* Task prompt
Go through the data below and repeat it exactly, skipping each picture.

* Provided entries
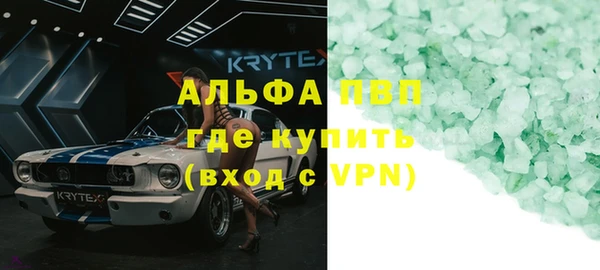 каннабис Заволжье
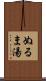 ぬるま湯 Scroll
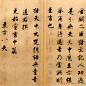 张即之书法字帖《度人经帖》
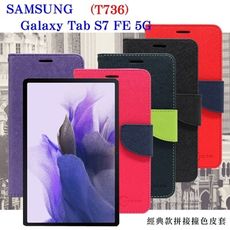 【愛瘋潮】SAMSUNG Galaxy Tab S7 FE 5G (T736) 經典書本雙色磁釦皮套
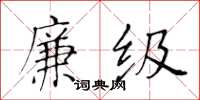 黃華生廉級楷書怎么寫
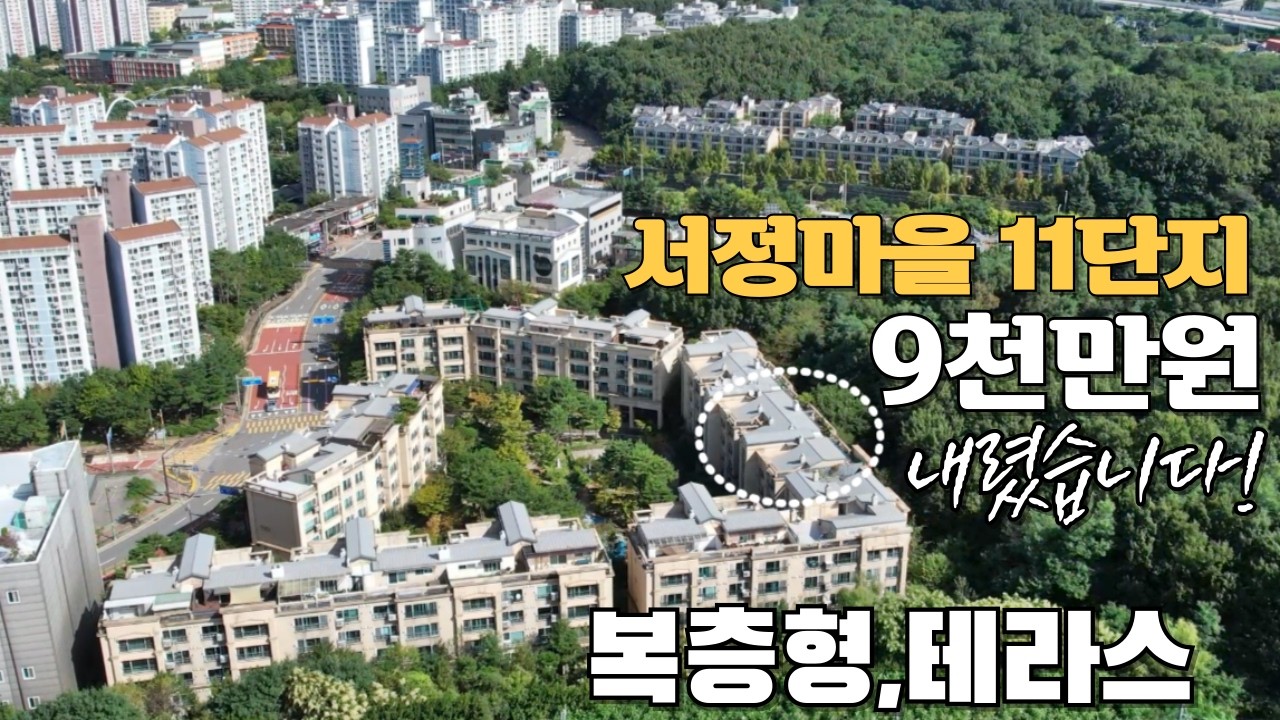 행신동 서정마을1102동(복층형,단독테라스)9천만원⬇️(급급매)7.7억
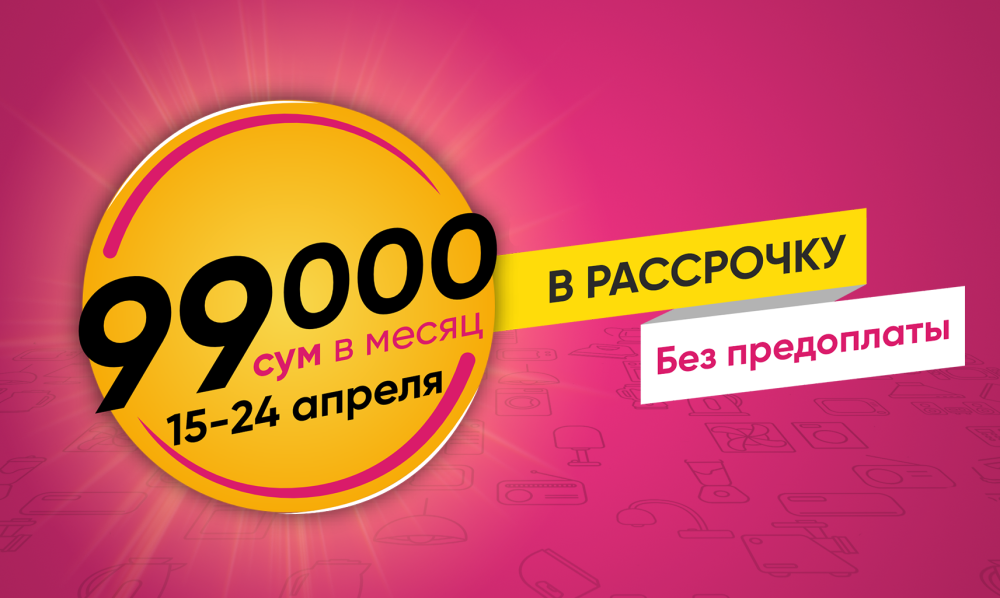 Техника по 99 000 сум в месяц
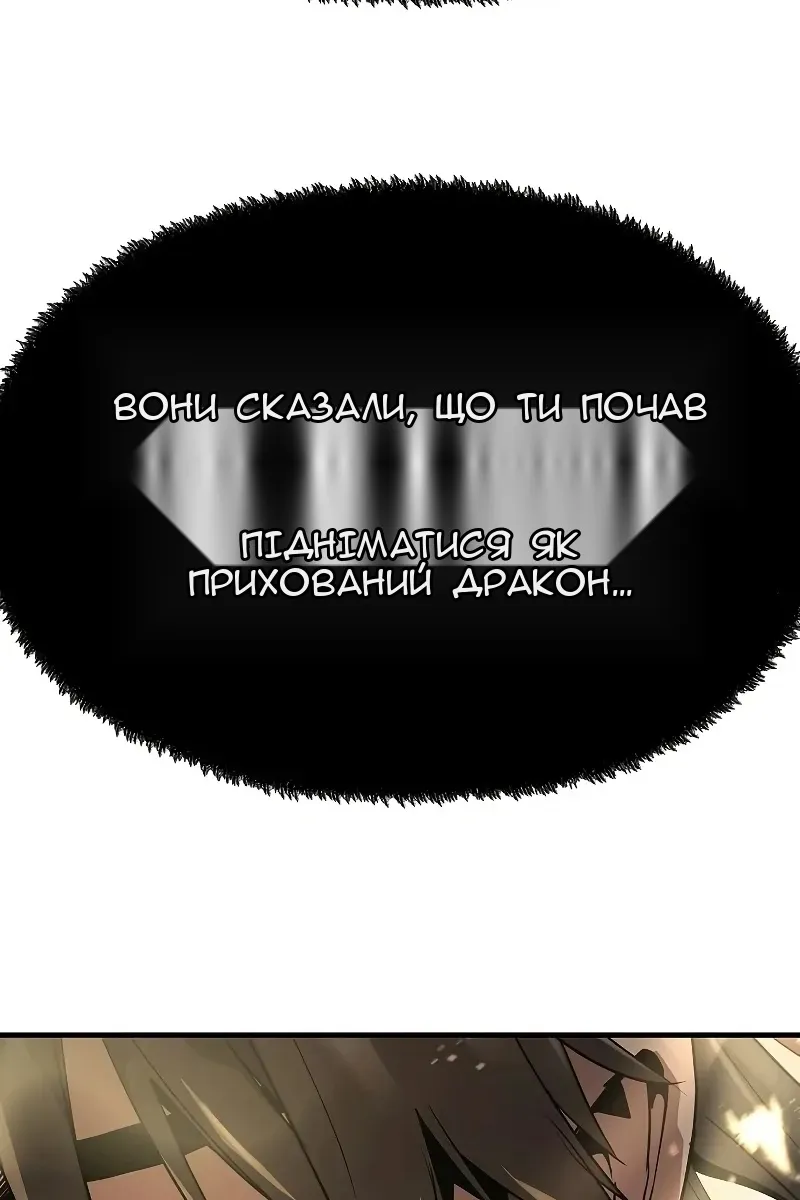 Сторінка 20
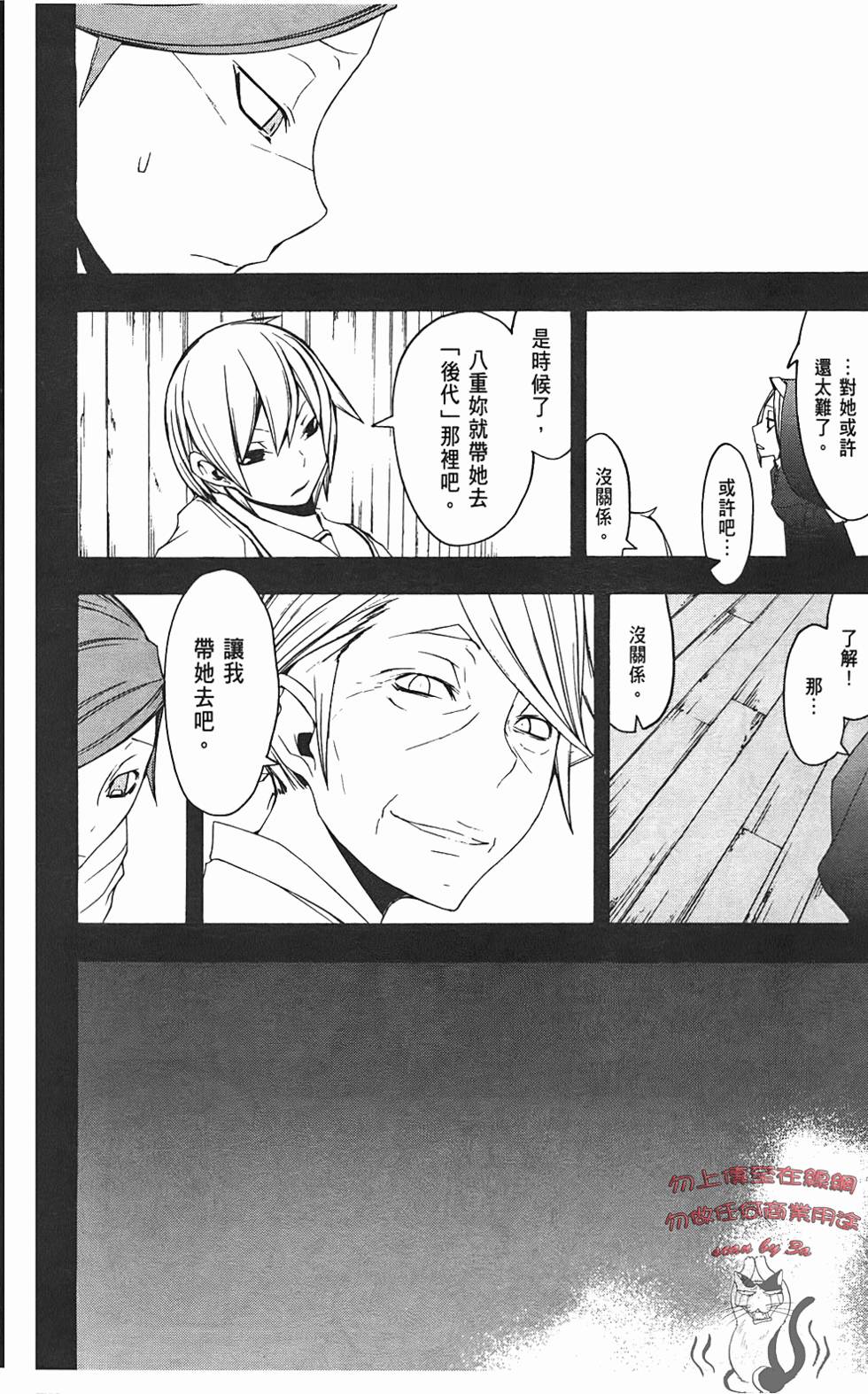 第169页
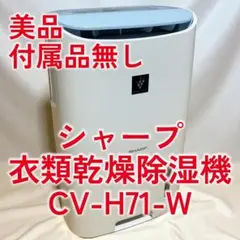 八4635【中古品】美品　シャープ   2018年製　除湿機　CV-H71-W シャープ CV-H71-W 衣類乾燥除湿機（木造16畳／コンクリート造18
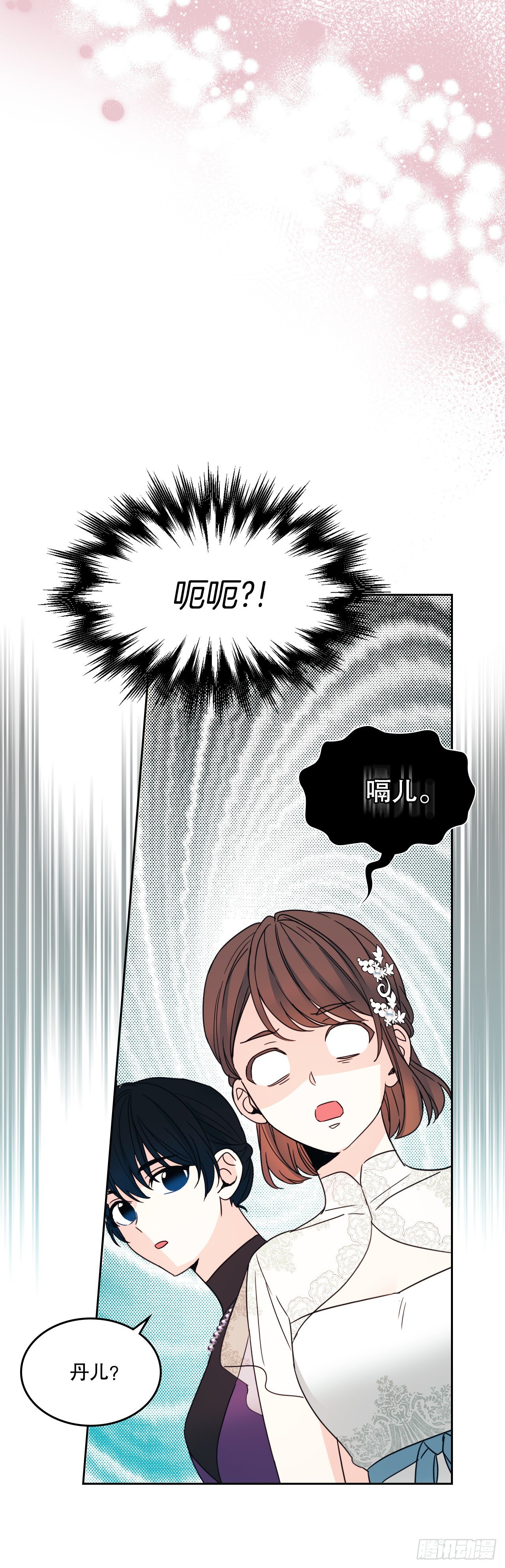 网络小说的法则漫画,129.志浩结交新朋友3图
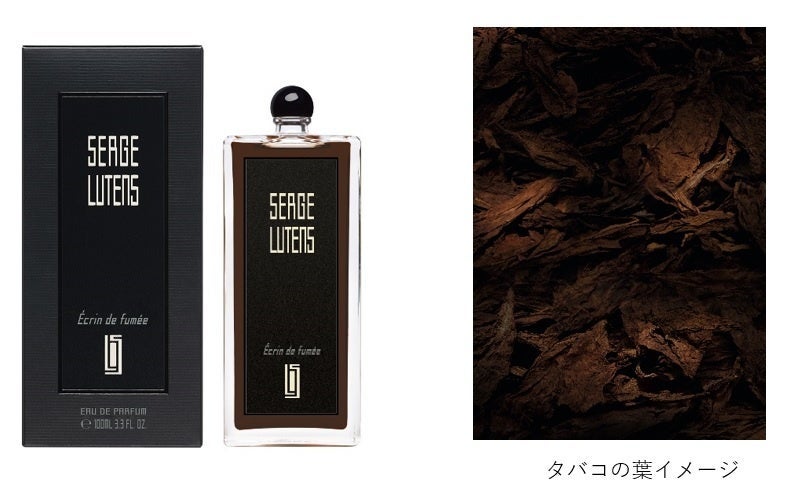 エクランドゥフュメ 100mL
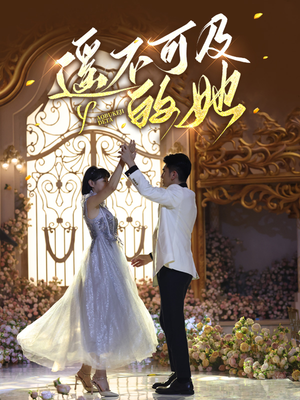 遥不可及的她(87集) 遥不可及的她(87集)最新短剧抢先看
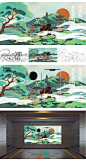 china,huawei,illustrations,中国风  ,国潮,杭州
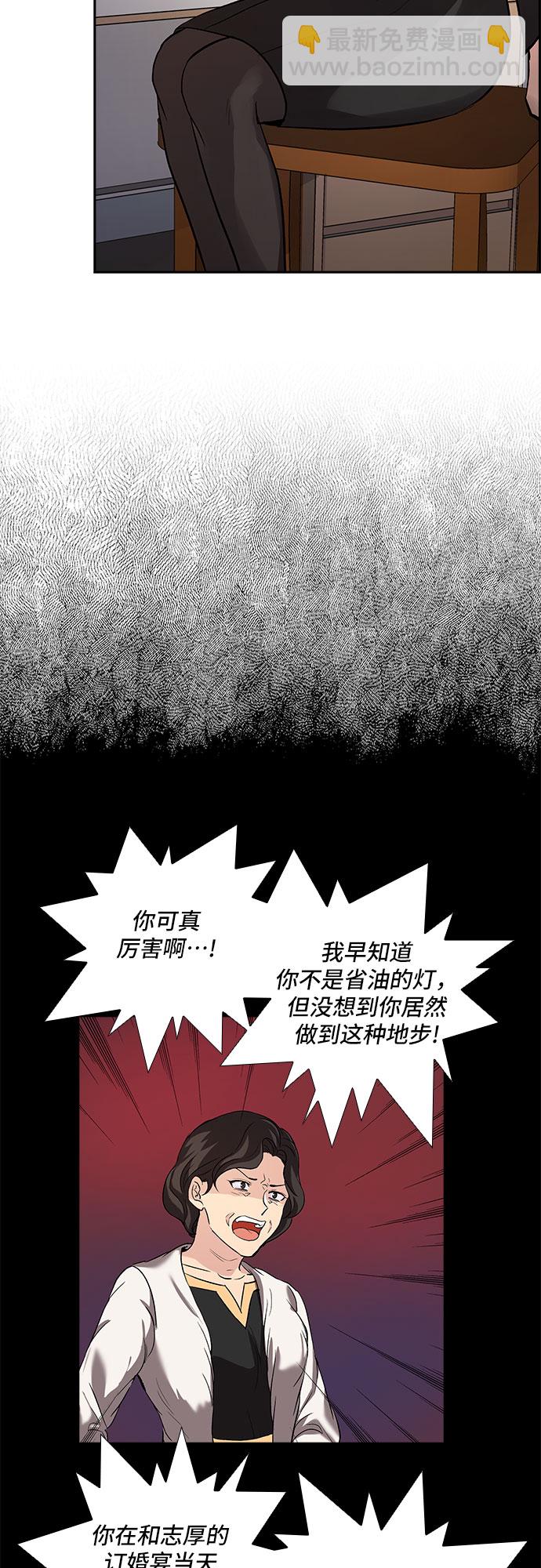 [第4话] 意外的重逢（4）27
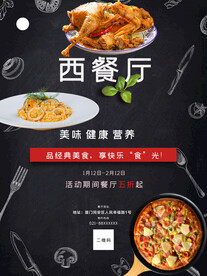 美味健康西餐厅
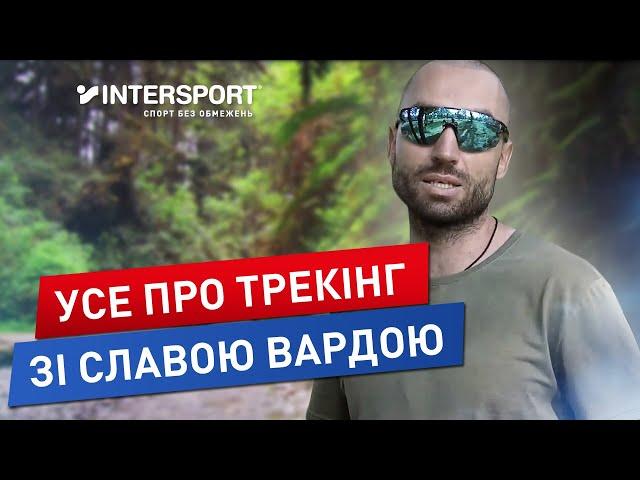 З чого почати трекiнг? Розповідає Слава Варда | INTERSPORT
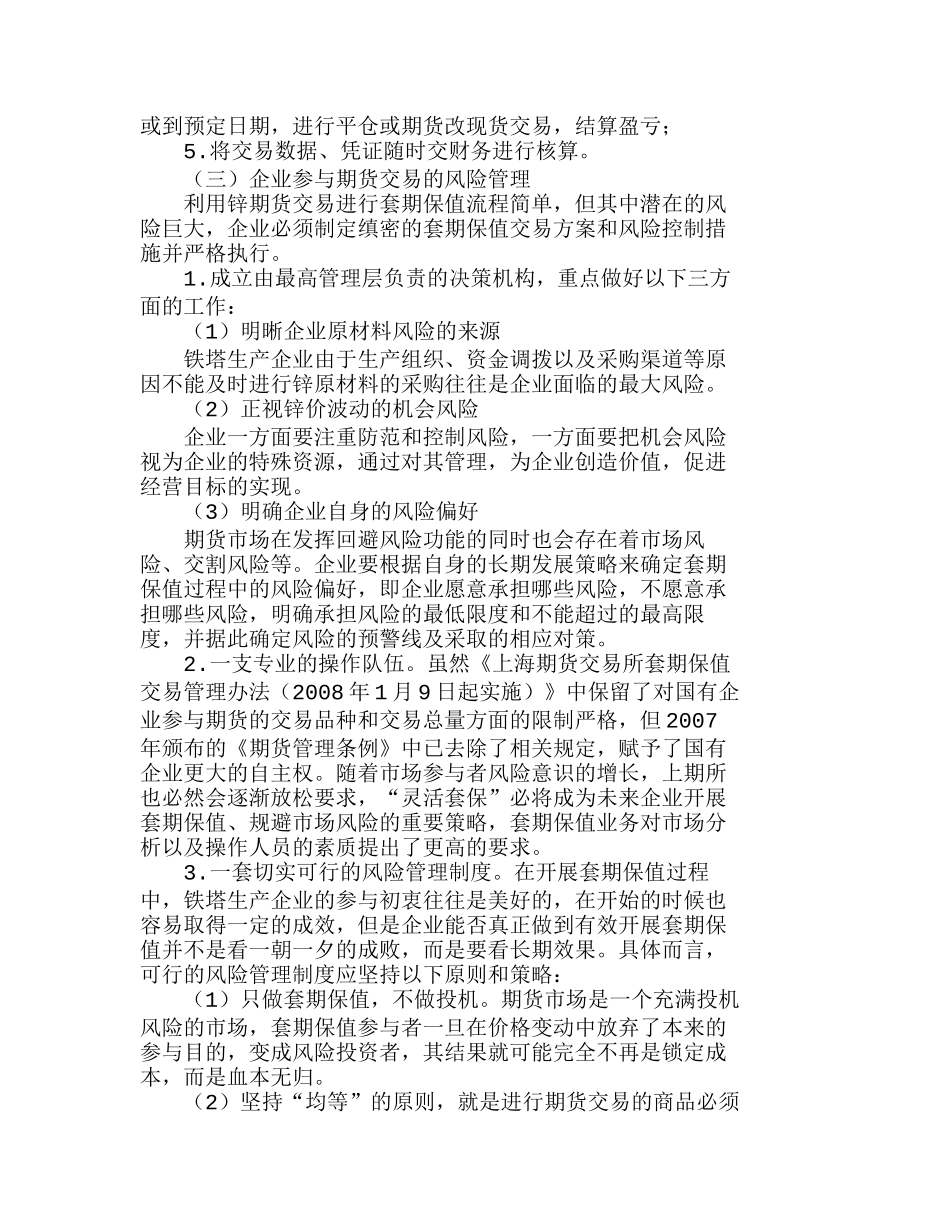 套期保值在铁塔企业成本控制中的应用分析研究  成本管理专业_第3页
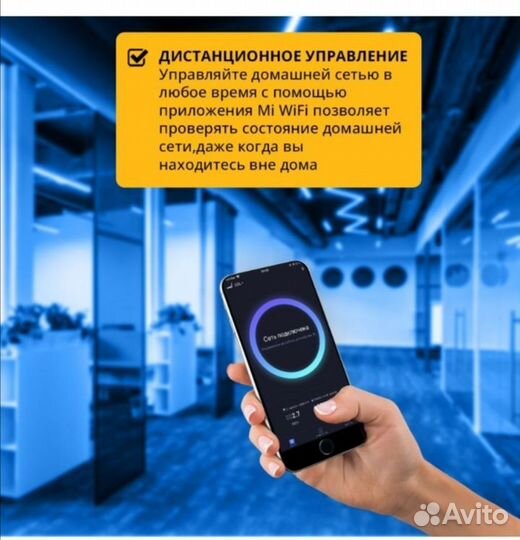 Wifi роутер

* Final answer
 каннабис Заволжье
 ぬるま湯 Scroll
 张即之书法字帖《度人经帖》
 【愛瘋潮】SAMSUNG Galaxy Tab S7 FE 5G (T736) 經典書本雙色磁釦皮套
 黃華生廉級楷書怎么寫
 행신동 서정마을1102동(복층형,단독테라스)9천만원⬇️(급급매)7.7억
 Техника по 99 000 сум в месяц
 Сторінка 20
 第169页
 八4635【中古品】美品　シャープ   2018年製　除湿機　CV-H71-W シャープ CV-H71-W 衣類乾燥除湿機（木造16畳／コンクリート造18
 网络小说的法则漫画,129.志浩结交新朋友3图
 エクランドゥフュメ 100mL
 遥不可及的她(87集) 遥不可及的她(87集)最新短剧抢先看
 china,huawei,illustrations,中国风  ,国潮,杭州
 [第4话] 意外的重逢（4）27
 美味健康西餐厅
 З чого почати трекiнг? Розповідає Слава Варда | INTERSPORT
 套期保值在铁塔企业成本控制中的应用分析研究  成本管理专业_第3页
 Wifi роутер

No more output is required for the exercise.